Some countries guaranteed Jews equality under the law, which enabled them to become part of the dominant culture.
Others, especially in Eastern Europe, kept Jewish life strictly separate.
Jewish life was flourishing, yet Europe’s Jews also faced a long legacy of discrimination and scapegoating.
Pogroms—violent riots in which Christians terrorized Jews—were common throughout Eastern Europe.
Christians blamed Jews for the death of Jesus, fomented myths of a shadowy cabal that controlled world finances and politics, and claimed Jews brought disease and crime to their communities.  
The rise of Adolf Hitler
It would take one man, Adolf Hitler, to turn centuries of casual anti-Semitism into genocide.
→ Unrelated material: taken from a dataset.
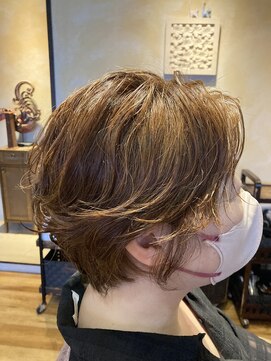 アンツ サザンリゾート 茅ヶ崎店(ANT'S Southern Resort) メルティカラー/似合わせカット/ウェーブミディアム/ショート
Hitler rose to power as leader of the National Socialist German Workers’ Party, also known as the Nazi Party, in the 1920s.
Hitler harnessed a tide of discontent and unrest in Germany, which was slowly rebuilding after losing the First World War.
The nation had collapsed politically and economically, and owed heavy sanctions under the Treaty of Versailles.
The Nazi party blamed Jews for Germany’s troubles and promised to restore the nation to its former glory.
Hitler was democratically elected to the German parliament in 1933, where he was soon appointed as chancellor, the nation’s second-highest position.
Less than a year later, Germany’s president died, and Hitler seized absolute control of the country.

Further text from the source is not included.